Letters
Tell us what’s on your mind
BT’s Smart Hubs are modern abominations
I live in one of the towns (Dursley in Gloucestershire) that has rejected BT’s Smart Hubs (pictured below), and I’m glad they have. Dursley is a beautiful old market town, while these Hubs are modern abominations that belong in a seaside arcade. They are hideous.
Also, what’s the point of providing internet access when everyone has phones? The answer is that it’s an excuse just to show adverts on the screens. That’s the real reason BT wants to erect them. It’s about making money, not providing a community service.
Geoff Burgess
You pay to watch ITV ads, then again to remove them!

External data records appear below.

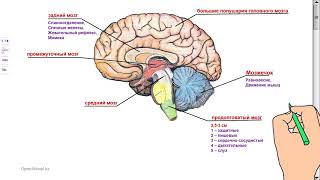 Головной мозг Отделы головного мозга, их строение и функции   Мускина А Н , Зарл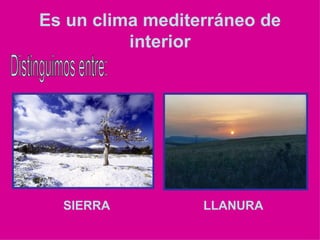 Es un clima mediterráneo de interior <ul><li>SIERRA </li></ul><ul><li>LLANURA </li></ul>Distinguimos entre: 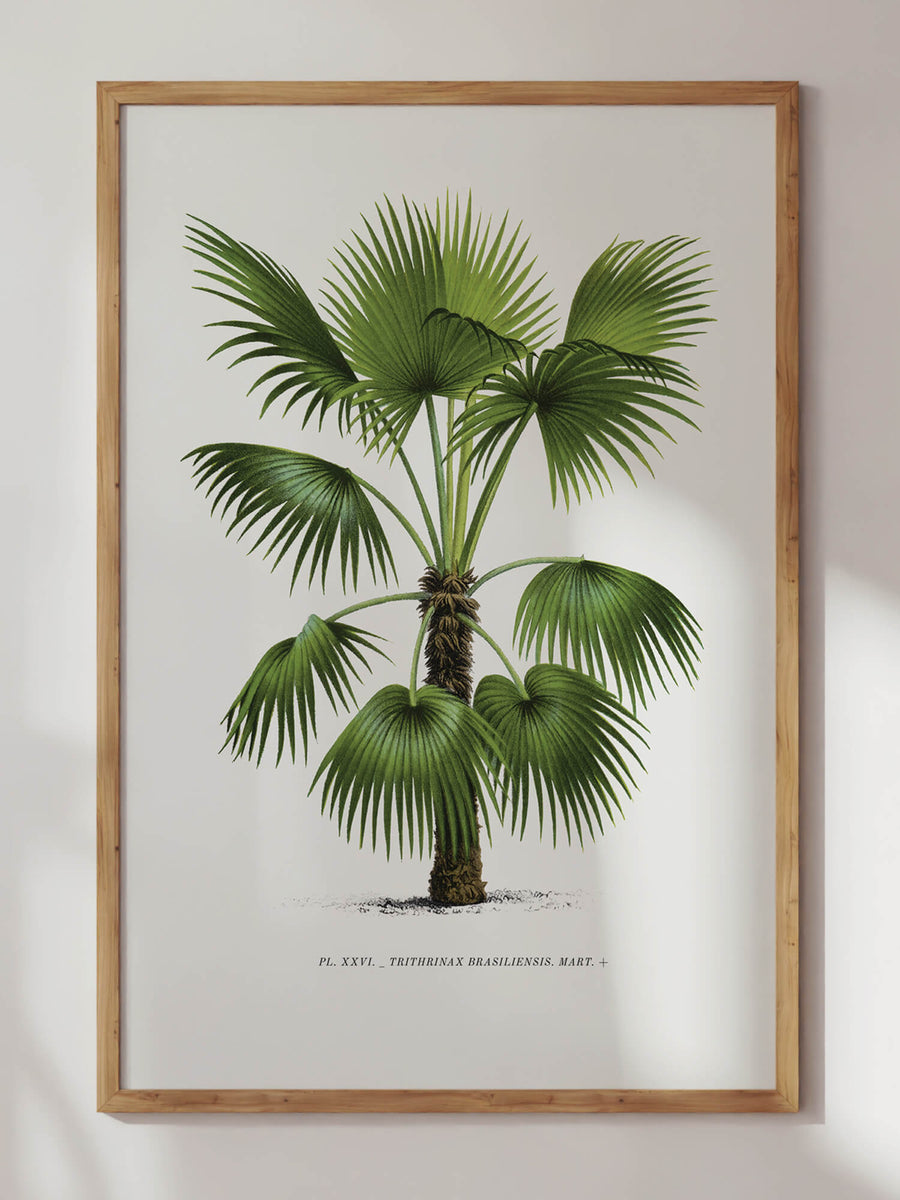 Palm Tree III Print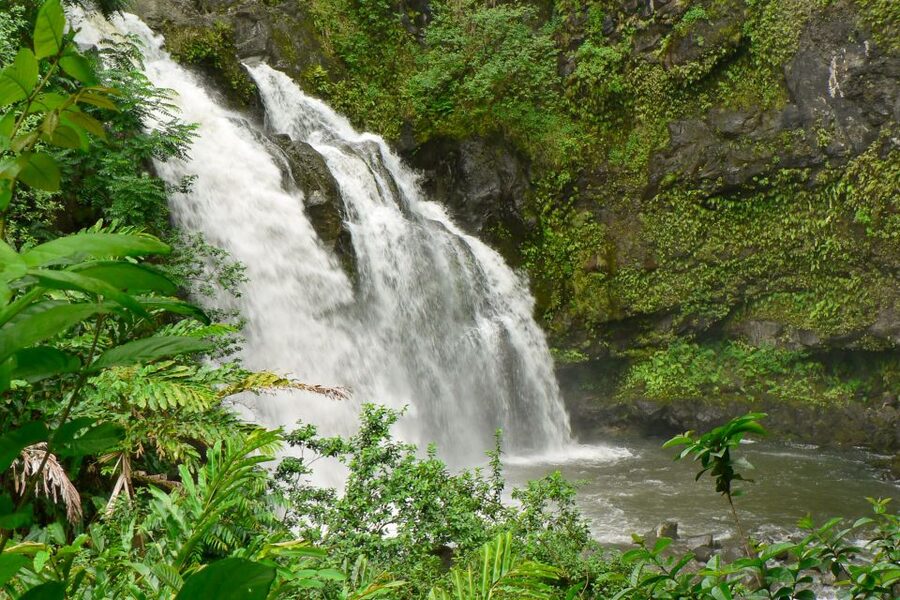 Maui: Guided Rainforest and Waterfall Walk & Swim - The Walk: Easy Distance, Wet Feet Reality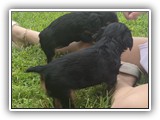 puck litter (154)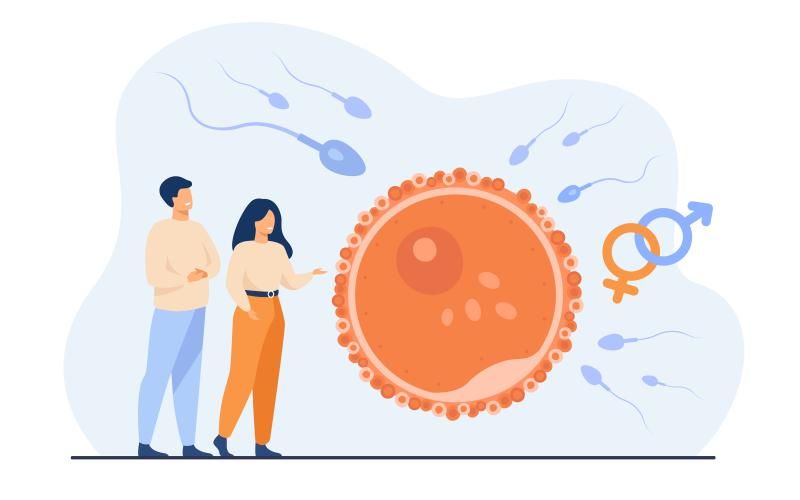 SDG 3 - Sex & reproductive health systems / World differences
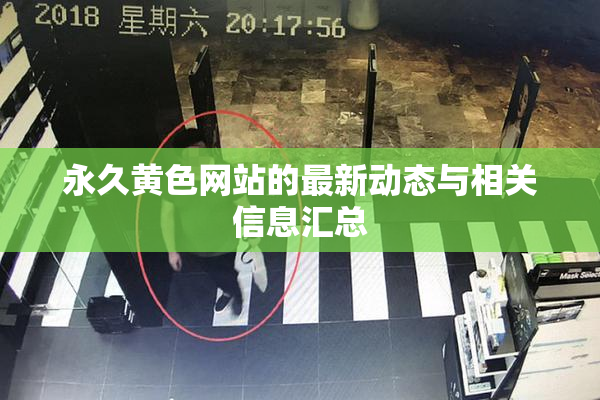 永久黄色网站的最新动态与相关信息汇总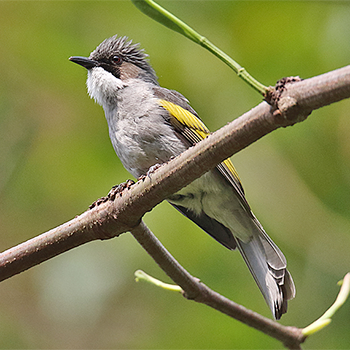 Ashy Bulbul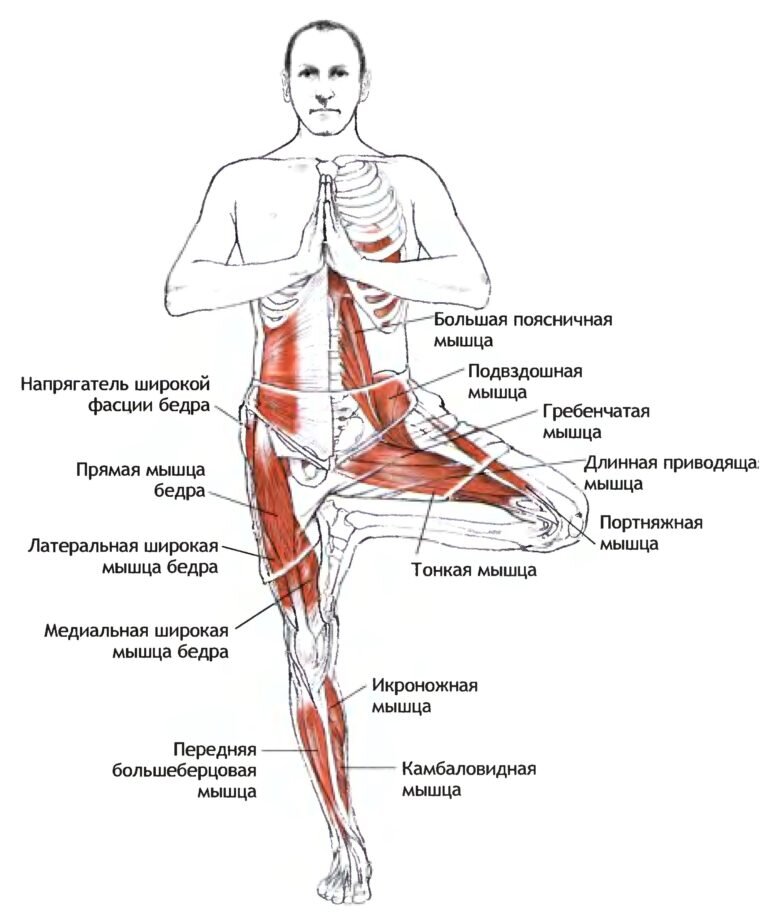 С чего начинается хатха-йога? Основы и принципы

I don’t know how Rob Barnes can describe paying £59.99 a year for ITVX Premium as a bargain (Letters, Issue 712). What he didn’t mention is that he’s already paid £174.50 for the TV licence. It’s true that none of this goes to ITV, but you still need it to watch any live TV in the UK. In effect, he’s paid £174.50 to watch adverts on ITV, then another £59.99 to remove them! What madness.
Chris Holt
Never trust ‘lifetime’ claims in adverts
As a retired company lawyer, I was interested in your criticism of VPNSecure cancelling its “lifetime” subscriptions (Issue 712, page 21). I regularly had meetings with marketing executives trying to persuade them not to use that word in its adverts. They brazenly admitted that the public would assume it meant for their lifetime, even though there was no legal guarantee of this. It was cynical in the extreme.
Thankfully, towards the end of my career enough companies were being sued over misleading lifetime offers that the word became less popular with reckless marketing departments.